Cet article a été publié dans le Bulletin n°202 du 1er trimestre 2024.
Alexandre Toussaint
Maison St Taurin
Il y a quelque temps déjà, un de nos élèves m’a interrogé sur la justice de Dieu lors d’une retraite de Confirmation à St Michel : « Pourquoi parler d’un Dieu juste ? En quoi consiste cette justice ? »

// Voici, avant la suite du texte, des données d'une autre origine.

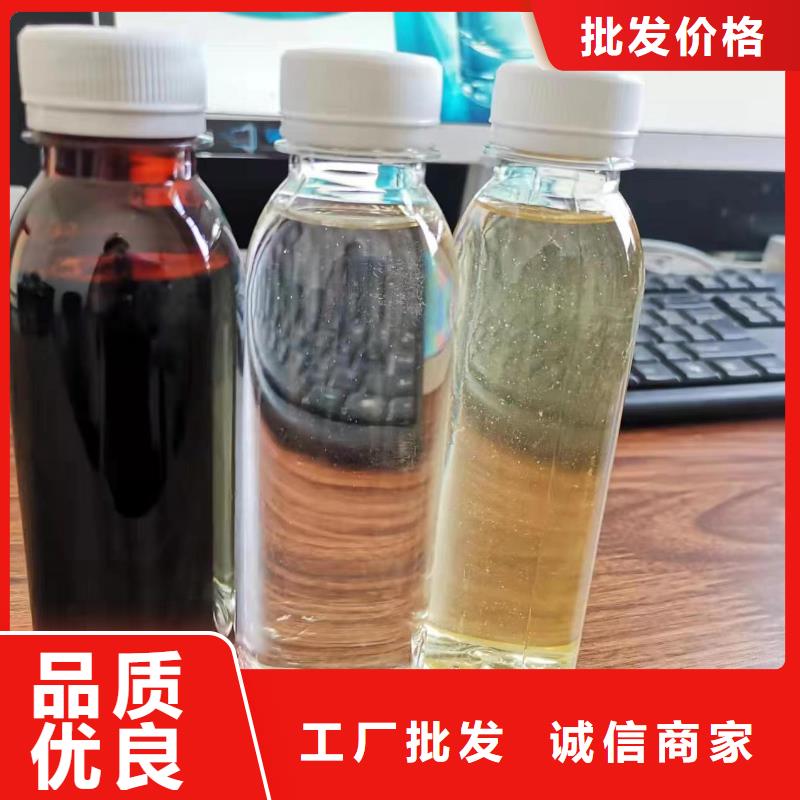 生物复合碳源厂家现货当地厂家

Je crois lui avoir répondu du tac au tac : « C’est une excellente question », car elle repose sur notre représentation de ce qu’est la justice, qui est indissociable de l’expérience que nous avons de la justice ou de l’injustice. C’est une manière de s’approcher du mystère de Dieu à partir de l’expérience humaine. Et il n’y a pas d’autre façon de s’en approcher. Bien sûr, cela comporte le risque de projeter en Dieu ce que nous expérimentons, de sorte que pour nous approcher au plus juste de ce qu’est Dieu, nous avons besoin de le faire d’une multitude de manières. Dire que Dieu est juste s’appuie sur la conviction que Dieu agit dans l’histoire. Non pas de manière immédiate et écrasante, car en Dieu cohabitent amour et liberté. Il entre en relation avec nous, mais nous laisse pleinement libres, de sorte que l’action divine ne s’impose pas. Mais l’idée de justice de Dieu laisse entendre que Dieu agit dans l’histoire des hommes et, ultimement, que les situations injustes que nous connaissons ou dont nous faisons l’expérience seront dépassées.

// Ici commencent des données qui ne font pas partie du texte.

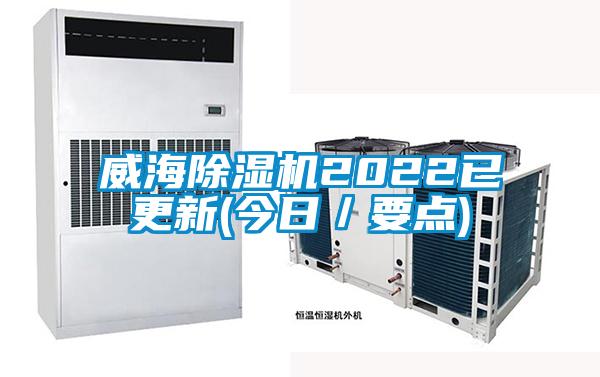 威海除濕機(jī)2022已更新(今日／要點)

Quand on parle de justice de Dieu, on imagine un Dieu qui pèse le bien et le mal, qui rend la justice comme Salomon dans l’Ancien Testament ou comme un juge d’aujourd’hui. Mais dans notre foi chrétienne, la justice de Dieu ne se limite pas à cette représentation…

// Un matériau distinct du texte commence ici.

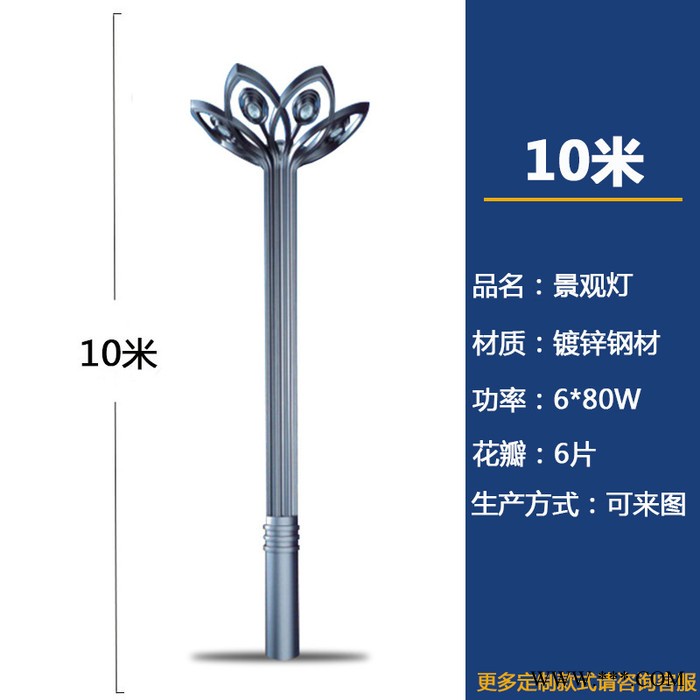 定制led大型户外艺术广场灯柱公园景点道路市政工程景观灯图7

C’est partiellement cela, mais pas uniquement. Lorsqu’on évoque l’Ancien Testament, la justice de Dieu y est décrite à de nombreuses reprises. Je pense au livre d’Amos, qui parle d’un point que le pape François a repris au cours des dernières JMJ en parlant des « vautrés » qui passent leur temps sur un canapé à jouer à des jeux vidéo. Bien sûr, ce n’était pas le cas d’Amos ! Amos, un des « petits prophètes », dénonce, au nom de la justice de Dieu, l’action des hommes, avec une visée plutôt sociale, en épinglant les commerçants qui trafiquent leur balance, les juges corrompus. Amos, qui est un homme simple, fils d’un bouvier, dénonce avec force les inégalités sociales, l’injustice qui écrase les pauvres. Donc parler de justice de Dieu, c’est dire qu’il y a une injustice sur terre à laquelle il faut mettre fin.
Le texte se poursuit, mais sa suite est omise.